■ Directions ■
Retype exactly the lines of the listing below from the one with "RGB Gaming Desk" through the last, both included, and leave every picture out.

══════════

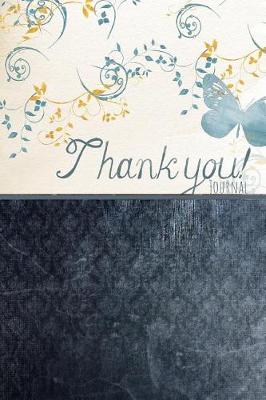 Book cover for Thank You Journal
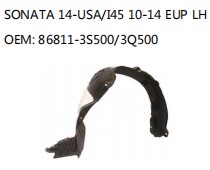 SONATA 14-USA/I45 10-14 EUP LH OEM: 86811-3S500/3Q500
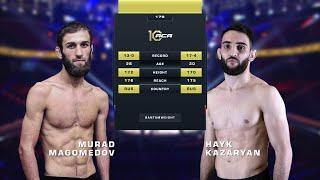 Мурад Магомедов vs. Айк Казарян | Murad Magomedov vs. Hayk Kazaryan | ACA 179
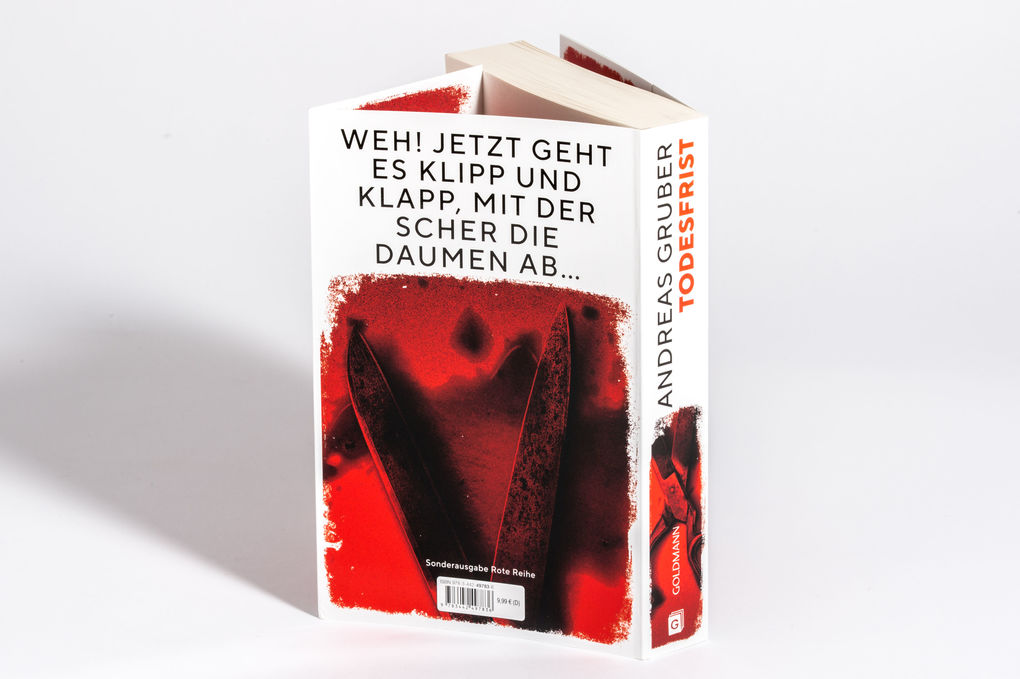 Weitere Ansicht: Todesfrist | Andreas Gruber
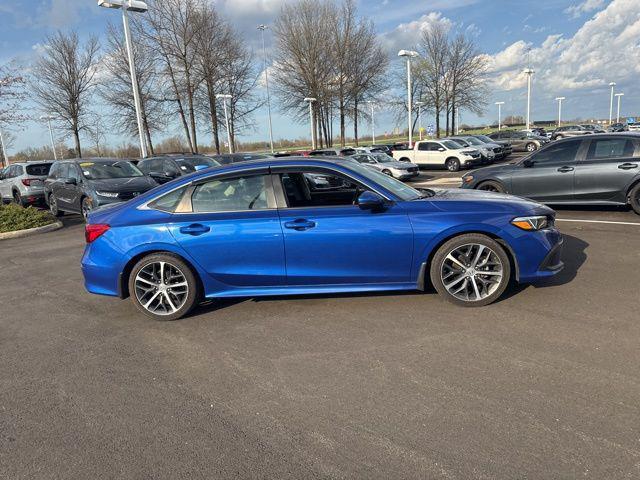 used 2022 Honda Civic car, priced at $21,588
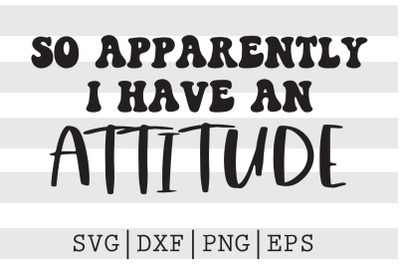 So apparently I have an attitude SVG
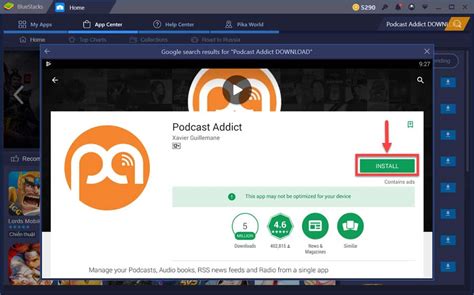 Brings you the ability to browse, search. How To Install Podcast Addict on PC (Windows 10/8/7 & Mac ...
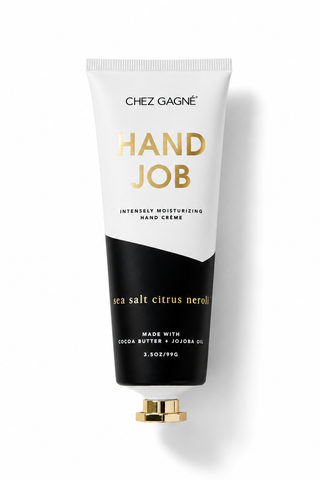 Hand Job Hand Cream - Sea Salt Citrus + Neroli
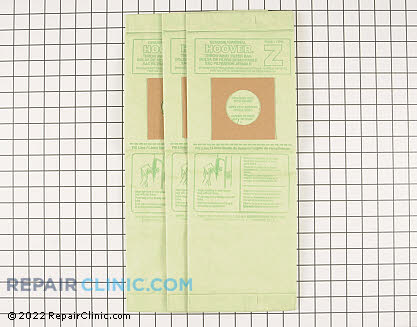 Vacuum Bag 4010075Z Main Product View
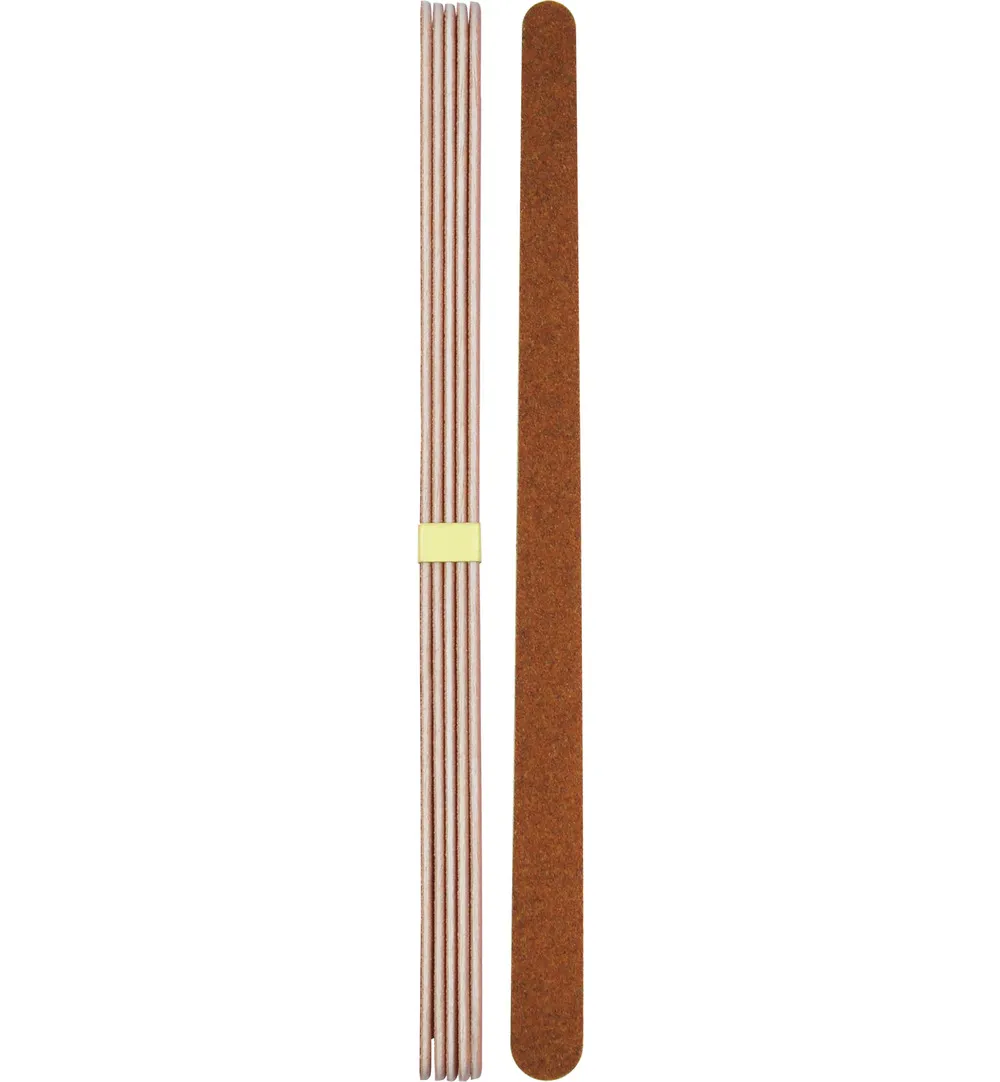 2b Natural file (5 stuks)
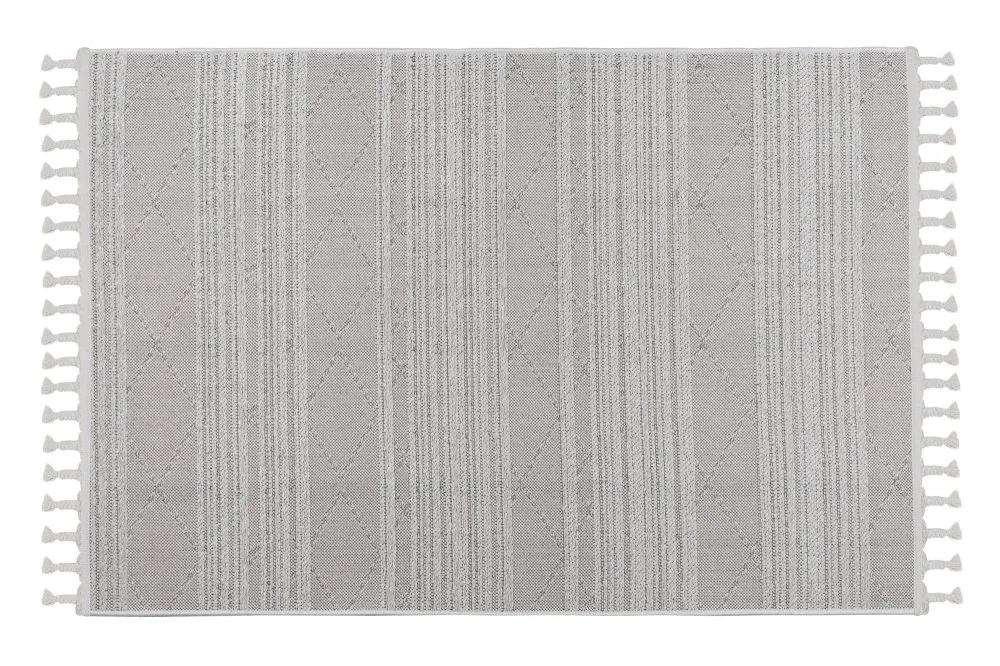 Tepih Meridyen 4804 White 190 x 290 (914RFC1215)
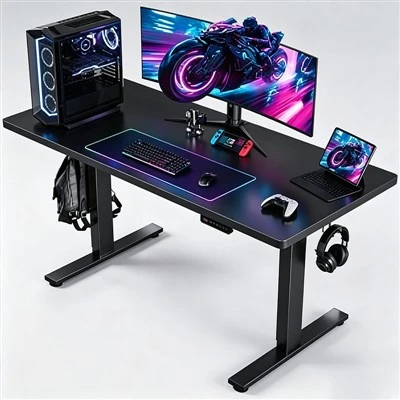 RGB Gaming Desk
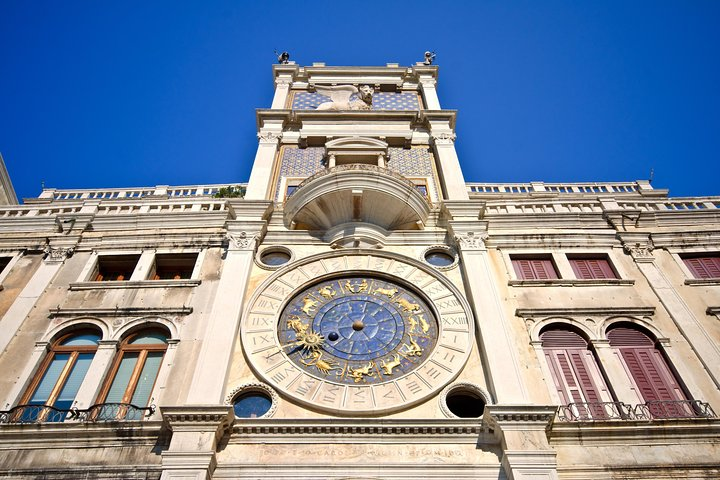 Venice clock tower 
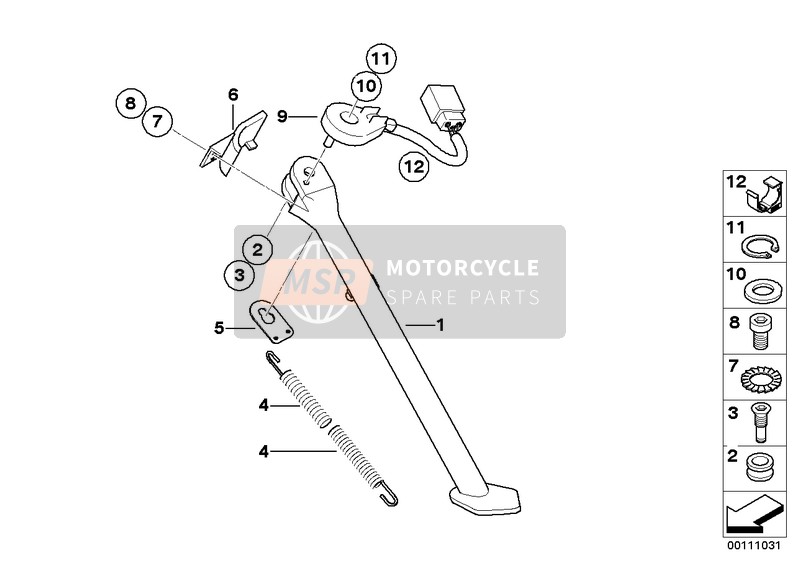 34217661918, Support De Tuyau, BMW, 1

══════════

■ Finished exercise ■
 RGB Gaming Desk
 Venice clock tower 
 34217661918, Support De Tuyau, BMW, 1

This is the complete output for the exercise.